→ WHAT YOU NEED TO DO:
Take down each entry exactly as written.

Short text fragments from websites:
[Start of section]

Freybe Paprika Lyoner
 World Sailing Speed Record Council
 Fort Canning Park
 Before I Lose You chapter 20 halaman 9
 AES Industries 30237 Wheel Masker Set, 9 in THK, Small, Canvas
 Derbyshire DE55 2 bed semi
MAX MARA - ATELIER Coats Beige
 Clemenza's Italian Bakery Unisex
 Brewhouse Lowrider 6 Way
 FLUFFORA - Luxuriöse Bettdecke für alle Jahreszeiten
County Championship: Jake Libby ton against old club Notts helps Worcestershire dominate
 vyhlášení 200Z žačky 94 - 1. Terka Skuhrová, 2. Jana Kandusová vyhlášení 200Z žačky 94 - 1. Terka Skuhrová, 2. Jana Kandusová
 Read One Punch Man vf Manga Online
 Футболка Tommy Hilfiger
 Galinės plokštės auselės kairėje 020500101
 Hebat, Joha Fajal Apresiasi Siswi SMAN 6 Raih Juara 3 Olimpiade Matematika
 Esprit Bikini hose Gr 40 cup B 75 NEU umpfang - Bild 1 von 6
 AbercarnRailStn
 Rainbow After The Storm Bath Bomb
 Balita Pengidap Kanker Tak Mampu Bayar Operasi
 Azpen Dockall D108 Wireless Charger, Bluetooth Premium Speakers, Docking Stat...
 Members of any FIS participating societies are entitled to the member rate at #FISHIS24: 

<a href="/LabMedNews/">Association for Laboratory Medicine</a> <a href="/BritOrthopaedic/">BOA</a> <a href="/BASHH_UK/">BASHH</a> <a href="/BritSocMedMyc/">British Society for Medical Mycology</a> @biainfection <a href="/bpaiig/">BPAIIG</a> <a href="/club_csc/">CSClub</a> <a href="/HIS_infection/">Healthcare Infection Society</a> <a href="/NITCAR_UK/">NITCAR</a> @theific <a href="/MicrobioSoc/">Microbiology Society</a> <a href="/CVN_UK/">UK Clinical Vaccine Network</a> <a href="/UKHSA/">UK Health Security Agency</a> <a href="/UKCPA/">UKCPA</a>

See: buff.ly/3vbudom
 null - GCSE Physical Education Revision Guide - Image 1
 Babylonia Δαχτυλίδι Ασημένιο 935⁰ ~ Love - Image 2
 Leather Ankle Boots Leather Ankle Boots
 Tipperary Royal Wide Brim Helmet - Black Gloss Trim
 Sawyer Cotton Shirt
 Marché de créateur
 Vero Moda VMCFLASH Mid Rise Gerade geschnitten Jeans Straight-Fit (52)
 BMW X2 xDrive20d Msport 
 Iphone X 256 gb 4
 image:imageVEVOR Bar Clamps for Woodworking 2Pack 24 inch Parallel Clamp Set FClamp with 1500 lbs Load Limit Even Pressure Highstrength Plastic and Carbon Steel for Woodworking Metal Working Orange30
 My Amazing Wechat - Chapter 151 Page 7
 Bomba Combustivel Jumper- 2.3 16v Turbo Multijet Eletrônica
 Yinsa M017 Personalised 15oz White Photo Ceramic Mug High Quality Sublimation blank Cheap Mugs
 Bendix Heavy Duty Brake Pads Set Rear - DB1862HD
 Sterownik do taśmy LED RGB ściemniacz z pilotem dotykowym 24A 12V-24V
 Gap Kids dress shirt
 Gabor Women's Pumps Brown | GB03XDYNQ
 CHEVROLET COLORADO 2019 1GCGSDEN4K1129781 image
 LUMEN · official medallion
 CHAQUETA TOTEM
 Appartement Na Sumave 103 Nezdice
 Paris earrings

[End of section]

→ RESPONSE BOX:
Freybe Paprika Lyoner
 World Sailing Speed Record Council
 Fort Canning Park
 Before I Lose You chapter 20 halaman 9
 AES Industries 30237 Wheel Masker Set, 9 in THK, Small, Canvas
 Derbyshire DE55 2 bed semi
MAX MARA - ATELIER Coats Beige
 Clemenza's Italian Bakery Unisex
 Brewhouse Lowrider 6 Way
 FLUFFORA - Luxuriöse Bettdecke für alle Jahreszeiten
County Championship: Jake Libby ton against old club Notts helps Worcestershire dominate
 vyhlášení 200Z žačky 94 - 1. Terka Skuhrová, 2. Jana Kandusová vyhlášení 200Z žačky 94 - 1. Terka Skuhrová, 2. Jana Kandusová
 Read One Punch Man vf Manga Online
 Футболка Tommy Hilfiger
 Galinės plokštės auselės kairėje 020500101
 Hebat, Joha Fajal Apresiasi Siswi SMAN 6 Raih Juara 3 Olimpiade Matematika
 Esprit Bikini hose Gr 40 cup B 75 NEU umpfang - Bild 1 von 6
 AbercarnRailStn
 Rainbow After The Storm Bath Bomb
 Balita Pengidap Kanker Tak Mampu Bayar Operasi
 Azpen Dockall D108 Wireless Charger, Bluetooth Premium Speakers, Docking Stat...
 Members of any FIS participating societies are entitled to the member rate at #FISHIS24: 

<a href="/LabMedNews/">Association for Laboratory Medicine</a> <a href="/BritOrthopaedic/">BOA</a> <a href="/BASHH_UK/">BASHH</a> <a href="/BritSocMedMyc/">British Society for Medical Mycology</a> @biainfection <a href="/bpaiig/">BPAIIG</a> <a href="/club_csc/">CSClub</a> <a href="/HIS_infection/">Healthcare Infection Society</a> <a href="/NITCAR_UK/">NITCAR</a> @theific <a href="/MicrobioSoc/">Microbiology Society</a> <a href="/CVN_UK/">UK Clinical Vaccine Network</a> <a href="/UKHSA/">UK Health Security Agency</a> <a href="/UKCPA/">UKCPA</a>

See: buff.ly/3vbudom
 null - GCSE Physical Education Revision Guide - Image 1
 Babylonia Δαχτυλίδι Ασημένιο 935⁰ ~ Love - Image 2
 Leather Ankle Boots Leather Ankle Boots
 Tipperary Royal Wide Brim Helmet - Black Gloss Trim
 Sawyer Cotton Shirt
 Marché de créateur
 Vero Moda VMCFLASH Mid Rise Gerade geschnitten Jeans Straight-Fit (52)
 BMW X2 xDrive20d Msport 
 Iphone X 256 gb 4
 image:imageVEVOR Bar Clamps for Woodworking 2Pack 24 inch Parallel Clamp Set FClamp with 1500 lbs Load Limit Even Pressure Highstrength Plastic and Carbon Steel for Woodworking Metal Working Orange30
 My Amazing Wechat - Chapter 151 Page 7
 Bomba Combustivel Jumper- 2.3 16v Turbo Multijet Eletrônica
 Yinsa M017 Personalised 15oz White Photo Ceramic Mug High Quality Sublimation blank Cheap Mugs
 Bendix Heavy Duty Brake Pads Set Rear - DB1862HD
 Sterownik do taśmy LED RGB ściemniacz z pilotem dotykowym 24A 12V-24V
 Gap Kids dress shirt
 Gabor Women's Pumps Brown | GB03XDYNQ
 CHEVROLET COLORADO 2019 1GCGSDEN4K1129781 image
 LUMEN · official medallion
 CHAQUETA TOTEM
 Appartement Na Sumave 103 Nezdice
 Paris earrings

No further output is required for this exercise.